Would you reproduce every record exactly, leaving out the pictures?

- Data records
= Beginning of Section =

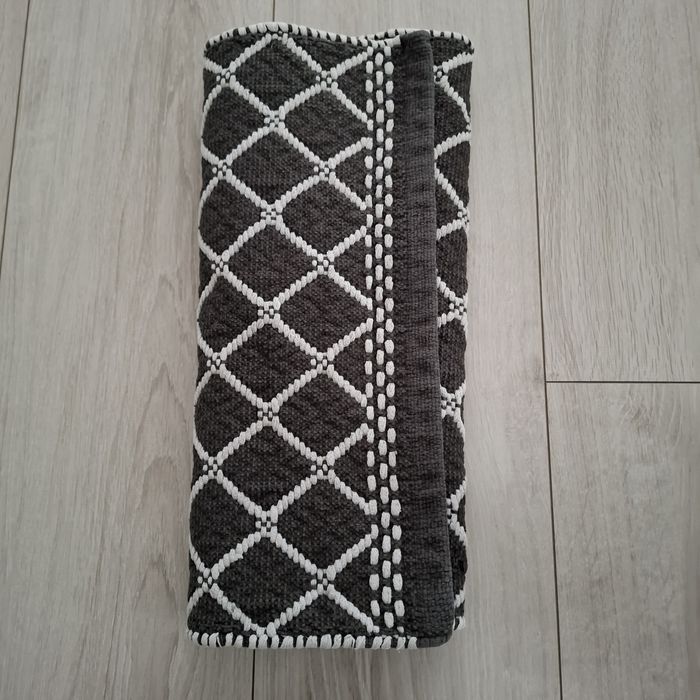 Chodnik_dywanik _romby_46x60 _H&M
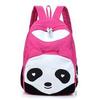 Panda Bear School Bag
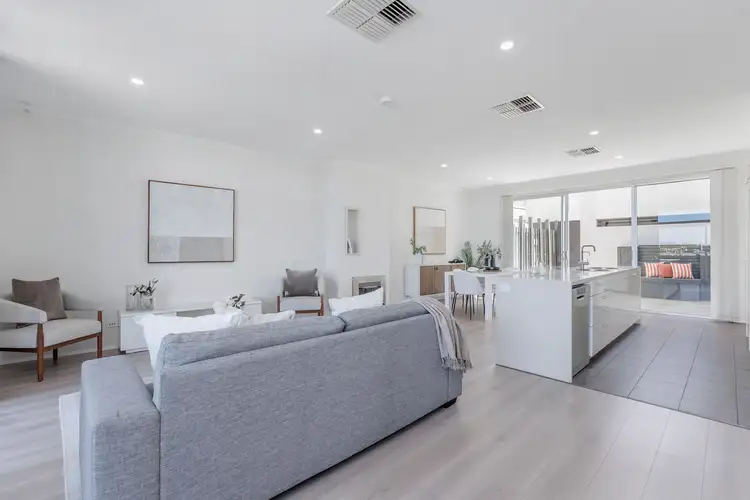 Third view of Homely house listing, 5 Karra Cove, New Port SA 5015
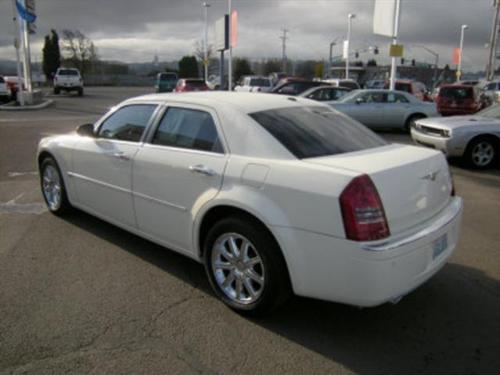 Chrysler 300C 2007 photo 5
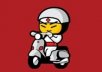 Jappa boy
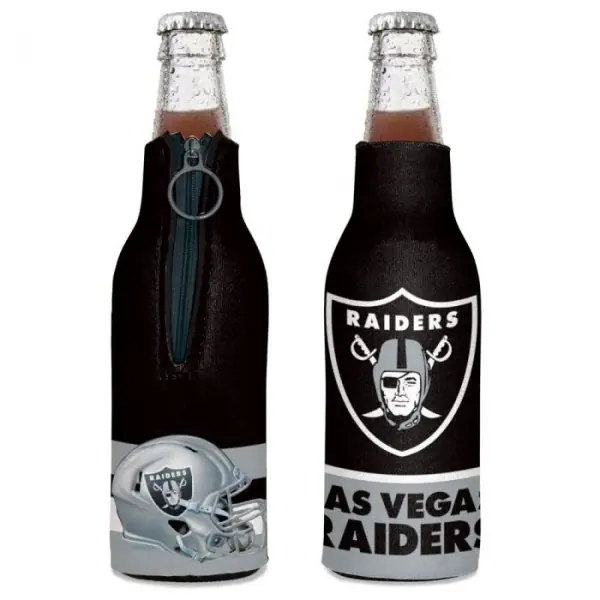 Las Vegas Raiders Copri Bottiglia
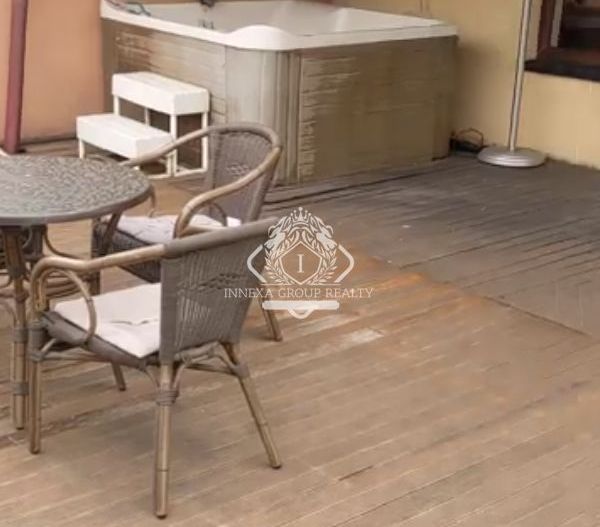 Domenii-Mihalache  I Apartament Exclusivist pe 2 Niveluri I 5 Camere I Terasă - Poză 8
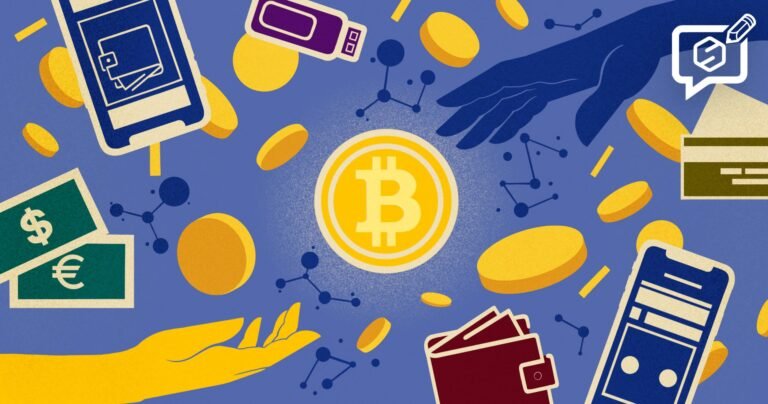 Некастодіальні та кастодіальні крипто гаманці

= End of Section =

- RESPONSE TO THIS TASK
 Chodnik_dywanik _romby_46x60 _H&M
 Panda Bear School Bag
 Third view of Homely house listing, 5 Karra Cove, New Port SA 5015
 Chrysler 300C 2007 photo 5
 Jappa boy
 Las Vegas Raiders Copri Bottiglia
 Domenii-Mihalache  I Apartament Exclusivist pe 2 Niveluri I 5 Camere I Terasă - Poză 8
 Некастодіальні та кастодіальні крипто гаманці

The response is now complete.